Reproduce word for word the lines between those holding "Matte Lipstick Set" and "Earth tone geometric", inclusive, and nothing else from the data below.

(DATA FOR PROCESSING begins)

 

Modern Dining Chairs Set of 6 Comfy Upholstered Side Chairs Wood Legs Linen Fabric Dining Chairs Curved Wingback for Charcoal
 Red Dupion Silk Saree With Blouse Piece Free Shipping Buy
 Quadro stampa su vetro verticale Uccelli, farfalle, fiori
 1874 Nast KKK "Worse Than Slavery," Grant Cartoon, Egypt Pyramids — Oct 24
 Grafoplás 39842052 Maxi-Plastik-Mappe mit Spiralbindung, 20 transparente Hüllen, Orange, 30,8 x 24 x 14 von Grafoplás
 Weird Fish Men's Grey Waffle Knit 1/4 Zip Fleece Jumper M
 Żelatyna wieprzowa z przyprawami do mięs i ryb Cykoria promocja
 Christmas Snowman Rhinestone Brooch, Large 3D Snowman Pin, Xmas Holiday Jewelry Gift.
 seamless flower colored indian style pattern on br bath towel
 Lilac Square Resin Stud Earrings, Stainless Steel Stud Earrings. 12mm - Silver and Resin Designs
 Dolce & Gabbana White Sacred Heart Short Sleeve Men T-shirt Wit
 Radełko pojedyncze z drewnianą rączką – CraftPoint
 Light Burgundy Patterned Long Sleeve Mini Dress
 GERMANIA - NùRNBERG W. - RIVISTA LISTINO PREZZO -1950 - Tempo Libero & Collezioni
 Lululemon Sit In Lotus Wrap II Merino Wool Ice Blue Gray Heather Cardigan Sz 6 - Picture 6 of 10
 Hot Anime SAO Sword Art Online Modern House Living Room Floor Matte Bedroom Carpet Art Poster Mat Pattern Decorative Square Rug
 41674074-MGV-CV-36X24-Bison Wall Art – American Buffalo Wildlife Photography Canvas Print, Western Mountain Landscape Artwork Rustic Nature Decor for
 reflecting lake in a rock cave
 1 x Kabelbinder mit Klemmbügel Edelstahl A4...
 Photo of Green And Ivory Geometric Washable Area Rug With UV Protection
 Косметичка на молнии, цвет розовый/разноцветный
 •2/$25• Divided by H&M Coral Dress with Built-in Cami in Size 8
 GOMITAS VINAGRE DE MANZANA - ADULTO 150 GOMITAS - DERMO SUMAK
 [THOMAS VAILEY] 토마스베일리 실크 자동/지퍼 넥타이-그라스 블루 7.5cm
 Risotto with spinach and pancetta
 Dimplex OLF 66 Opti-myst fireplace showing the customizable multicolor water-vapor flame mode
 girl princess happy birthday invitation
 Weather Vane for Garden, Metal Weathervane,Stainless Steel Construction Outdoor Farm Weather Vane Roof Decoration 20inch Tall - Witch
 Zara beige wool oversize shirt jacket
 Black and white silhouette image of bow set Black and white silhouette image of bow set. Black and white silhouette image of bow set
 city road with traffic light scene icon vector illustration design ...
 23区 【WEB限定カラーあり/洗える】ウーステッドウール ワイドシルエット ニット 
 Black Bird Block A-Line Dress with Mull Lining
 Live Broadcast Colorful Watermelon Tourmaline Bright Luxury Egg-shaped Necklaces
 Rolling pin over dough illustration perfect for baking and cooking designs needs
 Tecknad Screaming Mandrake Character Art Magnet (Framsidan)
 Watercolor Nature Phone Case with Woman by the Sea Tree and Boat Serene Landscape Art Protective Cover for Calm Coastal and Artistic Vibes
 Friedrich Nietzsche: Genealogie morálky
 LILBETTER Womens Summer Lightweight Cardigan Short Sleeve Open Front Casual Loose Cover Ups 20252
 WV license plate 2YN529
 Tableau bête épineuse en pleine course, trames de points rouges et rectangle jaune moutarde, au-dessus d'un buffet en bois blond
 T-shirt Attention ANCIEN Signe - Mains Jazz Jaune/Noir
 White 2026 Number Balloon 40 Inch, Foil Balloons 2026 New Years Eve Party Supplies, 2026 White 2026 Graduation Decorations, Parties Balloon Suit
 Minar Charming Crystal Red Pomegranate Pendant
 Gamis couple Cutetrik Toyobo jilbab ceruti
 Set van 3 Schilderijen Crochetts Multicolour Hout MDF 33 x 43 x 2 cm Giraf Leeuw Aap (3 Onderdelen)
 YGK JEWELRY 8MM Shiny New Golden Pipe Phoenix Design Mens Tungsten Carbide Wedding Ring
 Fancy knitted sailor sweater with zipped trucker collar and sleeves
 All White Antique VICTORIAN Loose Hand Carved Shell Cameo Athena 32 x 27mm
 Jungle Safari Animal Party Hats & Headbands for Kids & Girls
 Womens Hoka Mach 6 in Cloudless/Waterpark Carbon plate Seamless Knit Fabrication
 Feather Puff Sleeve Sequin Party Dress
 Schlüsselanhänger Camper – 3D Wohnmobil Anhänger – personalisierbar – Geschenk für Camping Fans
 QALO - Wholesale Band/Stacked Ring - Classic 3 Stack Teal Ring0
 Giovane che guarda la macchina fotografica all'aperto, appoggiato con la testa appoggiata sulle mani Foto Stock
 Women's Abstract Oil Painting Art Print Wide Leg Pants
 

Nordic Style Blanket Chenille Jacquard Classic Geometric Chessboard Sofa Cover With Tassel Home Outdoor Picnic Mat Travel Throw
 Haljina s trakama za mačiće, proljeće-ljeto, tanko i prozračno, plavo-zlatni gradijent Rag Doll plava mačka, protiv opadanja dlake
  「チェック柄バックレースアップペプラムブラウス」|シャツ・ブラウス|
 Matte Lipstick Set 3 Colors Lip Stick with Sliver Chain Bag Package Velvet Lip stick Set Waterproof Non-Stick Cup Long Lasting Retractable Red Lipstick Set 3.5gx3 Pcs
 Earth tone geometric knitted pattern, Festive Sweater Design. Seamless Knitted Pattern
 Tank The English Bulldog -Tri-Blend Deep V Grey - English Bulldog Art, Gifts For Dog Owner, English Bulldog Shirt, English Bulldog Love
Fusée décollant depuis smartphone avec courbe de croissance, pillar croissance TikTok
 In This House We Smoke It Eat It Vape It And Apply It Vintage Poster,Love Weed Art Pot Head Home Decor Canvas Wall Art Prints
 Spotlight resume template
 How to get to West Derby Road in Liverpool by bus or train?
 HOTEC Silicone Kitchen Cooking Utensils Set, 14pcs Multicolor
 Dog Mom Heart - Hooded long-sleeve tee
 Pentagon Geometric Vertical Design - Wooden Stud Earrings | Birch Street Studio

(DATA FOR PROCESSING ends)

OUTPUT =>
 Matte Lipstick Set 3 Colors Lip Stick with Sliver Chain Bag Package Velvet Lip stick Set Waterproof Non-Stick Cup Long Lasting Retractable Red Lipstick Set 3.5gx3 Pcs
 Earth tone geometric knitted pattern, Festive Sweater Design. Seamless Knitted Pattern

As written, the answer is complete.